Marist Alternative Education

Marist Alt Ed Sister Sian Owen

By Sr Siân Owen rsj

North Shore, Auckland

Marist Alternative Education is hidden away in a commercial block on Auckland’s North Shore. It is a place where education happens in an alternative space and in an alternative style. Initially, the centre was coordinated and staffed by Marist Brothers, impelled by the charism of Marcellin Champagnat that no child be left uneducated. It is now staffed by lay people and governed by a volunteer Board including members of the order.

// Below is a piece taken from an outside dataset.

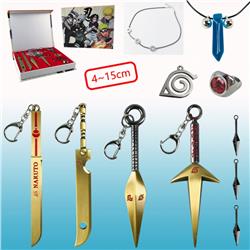 Naruto anime ring, necklace & keychain, price for a set of 9 pcs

The Centre is dedicated to providing students disengaged from mainstream education with a second chance at achieving their potential. While acknowledging the journeys and hurts the young people have experienced, staff at the centre work with students and their families to ensure that they have more positive experiences of education. With the skills and confidence gained from time at the centre it is hoped students will move on to apprenticeships, work or return to mainstream schooling. Many do.

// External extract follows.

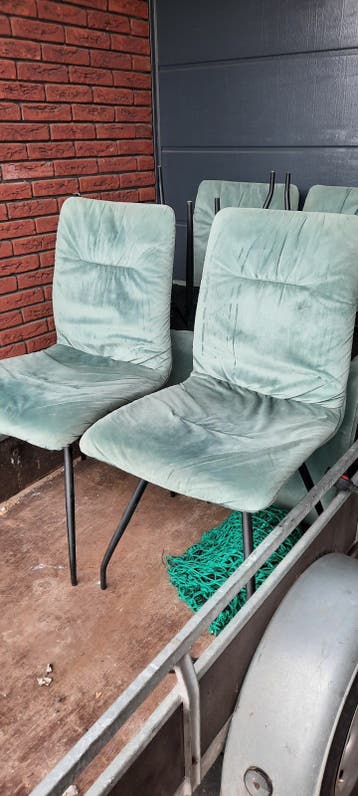 Set van 6 gebruikte stoelen, groen velours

The Centre is dedicated to providing  students ... with a second chance

The worm farm

The worm farm

Students concentrate on achieving at their highest potential and aim to complete the requirements of NCEA literacy and numeracy. However, the learning at Marist Alternative Education is holistic. It is not just about gaining credits, but learning how to develop as a happy, open individual with a love of learning and the skills of resilience. A wide range of activities are incorporated into the learning programme to facilitate this, including the care of the Centre’s worm farm. Through this students are able to learn the value of reducing their environmental impact, as well as caring for another living being.

In today’s ever-changing, technological world, young people are bombarded with so much information that it’s difficult to filter through it. Part of the MAE philosophy is to guide students to critical thinking and an understanding of the safe and just ways to use technology.

Pope Francis, in a 2015 radio interview, told educators, “You must not teach just content, but the values and customs of life. A computer can teach content. Instead there are things that you must transmit: how to love, how to understand which values and customs create harmony in society.” This is a philosophy shared in spirit and action by Marist Alternative Education.

and caring for it ...

and caring for it ...

The government provides 50% of the cost of running the Centre, so just as the early Marist Brothers raised money for their schools through endeavours such as making nails, so too the Centre looks for initiatives to raise additional funds to provide alternative education.